Diese rechtliche Beurteilung ist, wie die Revision zu Recht rügt, nicht zutreffend. Die Rückgriffsansprüche sind verjährt.
a) Soweit die auf die Klägerin bzw. die BGI übergegangene Kaufpreisforderung der S. KG als durch die Bürgschaft des Beklagten gesicherter Anspruch in Betracht kommt, war dieser Anspruch bereits bei Klageerhebung verjährt. Der Kaufvertrag ist im Mai 1989 abgeschlossen worden. Nach § 196 Abs. 1 Nr. 1, Abs. 2, § 201 BGB ist deshalb die Verjährung der Kaufpreisforderung Ende 1993 eingetreten. Auf die Verjährung der Hauptforderung kann sich der Hauptschuldner gegenüber dem auf den Bürgen übergegangenen Anspruch auch dann berufen, wenn die Verjährungsfrist erst nach der Leistung des Bürgen abgelaufen ist (Staudinger/Horn, BGB 13. Bearb. § 774 Rdnr. 36).
b) Gegenstand der Bürgschaftsverpflichtung des Beklagten ist auch der sich aus dem Innenverhältnis der Klägerin zur S. GmbH ergebende Anspruch auf Erstattung des von der Klägerin als Bürgin an die S. KG gezahlten Betrages.

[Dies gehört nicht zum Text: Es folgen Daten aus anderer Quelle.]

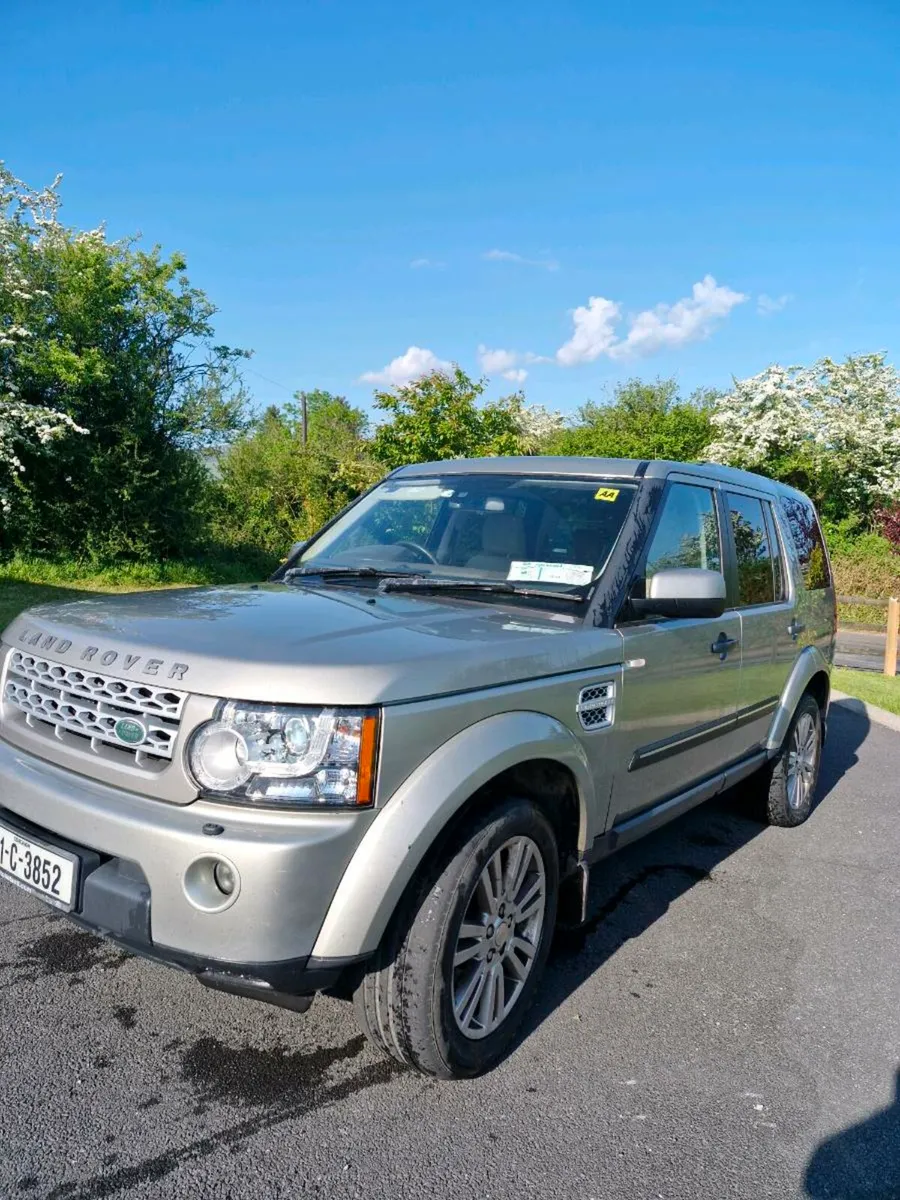 Discovery 4 crew cab 5 seater - Image 3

aa) Dieser Aufwendungsersatzanspruch beruht auf dem Avalkredit, den die Klägerin der S. KG eingeräumt hatte. Ein solcher Avalkreditvertrag ist ein Geschäftsbesorgungsvertrag im Sinne des § 675 BGB (BGHZ 95, 375, 380 f). Denkbar wäre freilich auch eine Vereinbarung zwischen der Klägerin und der GmbH gewesen, wonach diese den aufgrund der Bürgschaftsverpflichtung aufzuwendenden Geldbetrag als Darlehen zur Verfügung stellte (vgl. BGH, Urt. v. 28. April 1975 - II ZR 5/74, WM 1975, 555 für den Fall einer Wechseleinlösung durch die Bank); der Rückzahlungsanspruch würde dann gemäß § 195 BGB erst in 30 Jahren verjähren. Davon kann jedoch hier auf der Grundlage des bisherigen Parteivorbringens nicht ausgegangen werden. Die Klägerin hat der S. GmbH ausdrücklich einen "Avalkredit" zur Verfügung gestellt. Der Gebrauch dieser Bezeichnung deutet nicht auf den Abschluß eines Darlehensvertrages hin (Lwowski/Tetzlaff WM 2000, 761, 762). Daß im weiteren Schriftwechsel zwischen der Klägerin und der BGI wie auch in der "Erklärung" der Klägerin vom 5. November 1993 die in der Form der Bürgschaftsübernahme erbrachte Leistung der Klägerin an die S. GmbH als "Darlehen" bezeichnet wird, reicht für die Annahme eines insoweit von vornherein zwischen der Klägerin und der S. GmbH geschlossenen Darlehensvertrages nicht aus. Für eine spätere Umwandlung des Aufwendungsersatzanspruchs in ein Darlehen bietet der Prozeßstoff keinen Anhaltspunkt.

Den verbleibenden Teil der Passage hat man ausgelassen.